In order to be considered as
part of a Perfect Competition market, a business must reach four criteria,
including:
1.
Many small buyers
and sellers all of whom are price takers
2.
No preference
shown
3.
Easy entry and
exit by both buyers and sellers
4.
The same market
information available to all
In our case study, Starbucks
cannot be considered as part of a perfect competition market. Although hitting three of the four criteria,
Starbucks cannot be considered as a perfect competitor because their customers
have preference. In a marketing report
by SEO Analysis (https://sites.google.com/site/seoanalysisnow/case-study-caribou-coffee-vs-starbucks)
46% of Starbuck’s customers are between the age of 18-34, while the majority of
the consumer base is Caucasian and Asians.
Starbucks tends to attract the richer audience due to its high priced
coffees and expensive merchandise.
Compared to its competitors, Starbucks charges $2.30 for a large (venti)
cup of coffee, while Second Cup is priced at $2.05, followed by Tim Horton’s
$1.50. (http://www.canadianbusiness.com/blog/consumer_insight/18140--which-coffee-gives-the-biggest-bang-for-the-buck)
In 2007-2009, Starbucks
closed down over 600 stores in the US alone.
The reason for the realignment of its stores is mostly due to a few
reasons; non-profitable stores, badly managed stores, and stores being too
close to each other. As these stores are
being shut down, over 12,000 employees will lose their job. Although Starbucks mention that these
affected employees will be quickly rehired and retrained, it is almost
impossible to fulfill every position as at least 2400 of these positions will
be management, and there are limited positions available in each district.
In an email from Starbucks
CEO Howard Schultz, Schultz stated that Starbucks had lost its heritage and
identity through the years with new technologies and store designs. For example, in an attempt to improve
quality, speed of service and consistency of their product, Starbucks
introduced automatic espresso press machines.
These machines are larger, build for industrial grade, better in many
aspects, but the communication between baristas and customers are gone, due to
the large build and height of these machines.
In Pike Place Seattle, where the Starbucks was first founded is the only
store remaining to still use the classic brewing style, hand grind beans and stove
top espresso presses. Closing 600 stores
is an attempt to save the “heritage” and “the Starbucks experience”.
Over the years, Starbucks
have been criticized for its expensive coffees.

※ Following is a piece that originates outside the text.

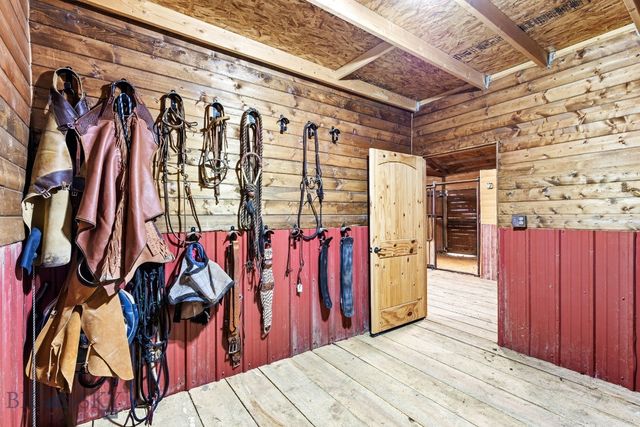 10 Windmill Lane, Wilsall, MT 59086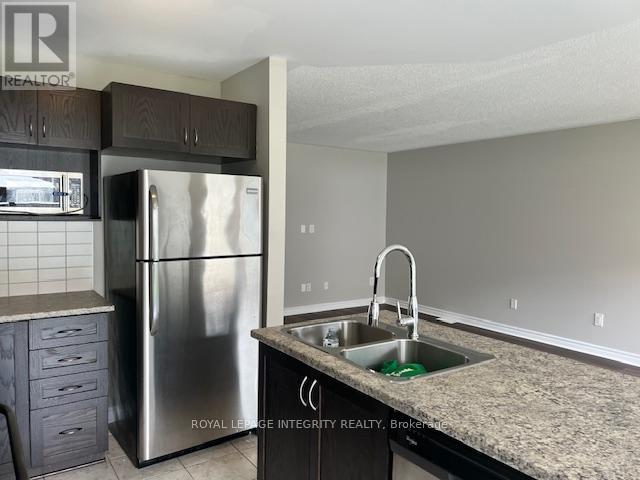 29 Fallengale Crescent, Ottawa, Ontario  K2T 0L1 - Photo 6 - X12296067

For hand crafted speciality coffees like the famous “Caramel Macchiato”,
a venti (large) can cost as much as $5.88 while a pound of Espresso beans only
cost $14.99 on Starbucks Shelves. One of
the reason why Starbucks coffee are high in price is because you can customize
your drink and always have it prepared the way you wanted it. When you do a comparison, it is like having a
$3.50 burger at MacDonald’s verses going to an actual restaurant like Red
Robins to have a $13.00 burger, but unfortunately, people don’t compare it that
way, and only the real coffee drinkers will understand why their coffees are
worth the price they pay.
So, is it not possible to
tune down the price to attract more business and increase the sales
quantity? Of course, Starbucks can
decrease their price. In return, they
will have an increase in quantity demanded, and it would also increase their
quantity supplied. However, by doing so,
the quality of service will also decrease, customer service and quality of
beans supplied will decrease, and in an exact opposite direction as Howard
Schultz want it, and the “Starbucks experience” and “Heritage” will never be
the same again. Eventually, the market
will re-adjust itself, and a new equilibrium will be created. If Starbucks were to lower their prices to
match competitor’s level, then it will eventually become a “Perfect Competitor”,
reaching its last criteria, “No preference shown”.